Before I even begin this - why when I put in the Yahoo Search Engine Images of Black women - all the porn in the world pops up! DAYUM!
Ok so NBC Nightly News is on Day four of a special report on The State of Black women. I’m sure you all saw the email going around. Well I’ve seen a bit of it and of course I got some comments. Ya’ll know this is Throwback Thursday, but this was kinda eating at me.
First off, um what put us in the spotlight? Ain’t nobody been jocking for us. Whenever news media does this kinda stuff, it makes my spidey senses get to tingling.
Next, what are these little ‘blurbs’ they been doing. This isn’t no special report. 5-8 minutes of Sistas doing it for themselves isn’t impressing me. If you wake up a Black woman and walk out your door to work and deal with other Black women you know these things.
I feel like this is some kinda report card for the rest of America. Is it the Anniversary of welfare or something? I ask this because this whole report is very subtly driving that ever elusive wedge between me and my man. When I say my man - I mean the Blackman. For every Black women going to school and blah blah blah there is that snippet of how bad the Black Man is doing at the bottom of the Totem Pole. He is once again getting throw under the damn bus. Ok, we are making all these strides and we working and having homes and cars and we are edumucated but 40% of us are going to live and DIE and never be married. And in related news, 70% of the new HIV cases will be OUR CHILDREN. What we ought to be doing is going and get our damn kids. A beat they ass day ought to be instituted and we all just go to whipping em.

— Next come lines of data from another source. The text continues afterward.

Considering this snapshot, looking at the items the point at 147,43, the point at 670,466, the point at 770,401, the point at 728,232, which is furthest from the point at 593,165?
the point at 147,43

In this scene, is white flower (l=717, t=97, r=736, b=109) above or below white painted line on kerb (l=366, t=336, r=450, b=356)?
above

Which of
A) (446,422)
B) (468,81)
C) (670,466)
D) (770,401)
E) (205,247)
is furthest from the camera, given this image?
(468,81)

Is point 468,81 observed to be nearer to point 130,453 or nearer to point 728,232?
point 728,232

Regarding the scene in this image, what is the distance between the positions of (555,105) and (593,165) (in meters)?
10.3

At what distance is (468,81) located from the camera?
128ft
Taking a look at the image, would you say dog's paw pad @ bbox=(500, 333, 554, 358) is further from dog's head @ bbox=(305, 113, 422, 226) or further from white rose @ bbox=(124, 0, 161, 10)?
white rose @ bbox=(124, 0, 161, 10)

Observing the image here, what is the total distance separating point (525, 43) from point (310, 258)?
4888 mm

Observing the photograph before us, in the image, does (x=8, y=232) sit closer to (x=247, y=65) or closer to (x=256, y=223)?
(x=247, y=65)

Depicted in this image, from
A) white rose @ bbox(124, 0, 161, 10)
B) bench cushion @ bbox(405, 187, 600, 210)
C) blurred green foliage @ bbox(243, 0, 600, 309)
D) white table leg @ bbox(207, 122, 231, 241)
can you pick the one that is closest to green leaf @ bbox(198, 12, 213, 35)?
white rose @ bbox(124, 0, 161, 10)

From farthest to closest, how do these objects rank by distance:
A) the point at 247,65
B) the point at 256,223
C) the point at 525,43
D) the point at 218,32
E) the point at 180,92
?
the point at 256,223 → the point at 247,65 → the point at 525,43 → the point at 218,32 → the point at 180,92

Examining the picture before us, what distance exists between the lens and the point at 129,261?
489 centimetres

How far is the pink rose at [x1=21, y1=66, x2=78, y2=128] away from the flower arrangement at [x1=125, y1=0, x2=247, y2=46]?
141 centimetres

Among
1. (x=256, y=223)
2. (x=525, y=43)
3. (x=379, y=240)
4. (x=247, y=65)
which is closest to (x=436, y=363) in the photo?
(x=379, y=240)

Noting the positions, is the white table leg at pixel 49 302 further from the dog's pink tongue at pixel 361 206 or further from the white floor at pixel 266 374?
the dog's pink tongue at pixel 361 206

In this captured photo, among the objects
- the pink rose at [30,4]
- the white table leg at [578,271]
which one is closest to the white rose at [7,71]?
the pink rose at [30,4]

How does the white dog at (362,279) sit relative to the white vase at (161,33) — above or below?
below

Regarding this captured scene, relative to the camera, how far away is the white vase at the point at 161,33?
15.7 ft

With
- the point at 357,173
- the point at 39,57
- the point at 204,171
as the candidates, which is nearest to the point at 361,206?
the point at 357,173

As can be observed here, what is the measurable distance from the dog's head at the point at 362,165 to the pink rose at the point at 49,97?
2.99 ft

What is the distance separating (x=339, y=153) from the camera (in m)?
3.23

Don’t get me wrong, I am glad that Black Women have made strides and that we are a force out in this world and being maids and cooks and other demeaning jobs can be avoided, but I still and will continue to say "At What Costs?" I am not going to just give up on my man. Yea they got issues, but we got em too. It’s a joint poison now - and allowing them to further exalt us to this ’statute’ is further driving a wedge between us.
When are we going to really address this and stop with the forums and dumb ass plays and letting Michael Baisden lead us to the relationship promise land and just stand up one day in Church/Mosque/etc. and be like " I wanna talk about how to get my man off the bottom of the Totem Pole?" While I’m waiting on my Lord and Savior - I think I got some work to do. When are they going to become important enough to us the Mothers that we just have to push through our hurt and pain and go out here and start having his back?

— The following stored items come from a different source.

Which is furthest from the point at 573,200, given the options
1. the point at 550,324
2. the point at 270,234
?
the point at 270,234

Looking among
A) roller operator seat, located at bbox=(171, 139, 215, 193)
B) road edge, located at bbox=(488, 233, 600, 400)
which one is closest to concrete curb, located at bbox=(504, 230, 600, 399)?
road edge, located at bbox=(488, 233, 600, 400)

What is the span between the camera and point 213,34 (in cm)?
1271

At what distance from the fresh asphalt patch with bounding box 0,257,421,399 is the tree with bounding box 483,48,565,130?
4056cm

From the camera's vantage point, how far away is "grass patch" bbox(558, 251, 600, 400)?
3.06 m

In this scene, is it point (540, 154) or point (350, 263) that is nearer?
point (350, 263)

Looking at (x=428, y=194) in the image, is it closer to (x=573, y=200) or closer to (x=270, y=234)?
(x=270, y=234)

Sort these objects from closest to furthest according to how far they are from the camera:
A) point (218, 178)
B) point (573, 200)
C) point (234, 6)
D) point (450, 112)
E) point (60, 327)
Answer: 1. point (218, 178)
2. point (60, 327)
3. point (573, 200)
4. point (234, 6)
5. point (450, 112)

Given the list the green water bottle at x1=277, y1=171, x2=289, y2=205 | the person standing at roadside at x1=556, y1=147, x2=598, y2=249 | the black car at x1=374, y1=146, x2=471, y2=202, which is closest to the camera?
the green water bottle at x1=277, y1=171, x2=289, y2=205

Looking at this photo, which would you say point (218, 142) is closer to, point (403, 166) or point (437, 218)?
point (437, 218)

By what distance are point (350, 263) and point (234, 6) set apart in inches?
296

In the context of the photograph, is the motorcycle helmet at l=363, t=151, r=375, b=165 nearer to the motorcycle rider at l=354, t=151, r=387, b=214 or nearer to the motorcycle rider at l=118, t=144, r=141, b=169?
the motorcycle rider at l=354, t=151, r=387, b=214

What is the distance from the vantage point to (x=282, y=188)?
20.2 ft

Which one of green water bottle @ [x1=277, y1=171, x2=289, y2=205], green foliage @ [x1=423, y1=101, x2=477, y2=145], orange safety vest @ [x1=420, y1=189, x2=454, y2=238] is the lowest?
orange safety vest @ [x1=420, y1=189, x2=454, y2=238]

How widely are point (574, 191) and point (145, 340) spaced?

What if I had of taken my make more money, got a car, taking care of my child, got a laundry list of my perfect man ass and ignored CAUN? I shutter to think. There are more CAUN’s out there - there really is. I’ve never dealt with a ‘funky’ Brother and most of the ones I know are upstanding men. I can’t be the only one.
This ultimately isn’t even about us and our personal situation - it’s about starting to look out for him and letting him know that we got his back. At your job, smile and say hello to the mail guys and the IT guys. When we out in the street, stop looking so gat damn mean all the time and smile and say hello to some brothers you past by. Go to them in the retail jobs and let them get the commission. Tell them they are doing a good job if you see one doing a good job. Tell a Brother THANK YOU.
If we start to really exalt those that are doing a good job in everyday life and NOT just those in the Celebrity spotlight - then the rest of them will be like Dayum, I better clean up our game. I still stand by: Men act the way they are acting these days towards us be it rap, images and otherwise because we allow them to. If right now we all covered up, walked off movie/video sets and ignored their asses - they would come correct with the quickness.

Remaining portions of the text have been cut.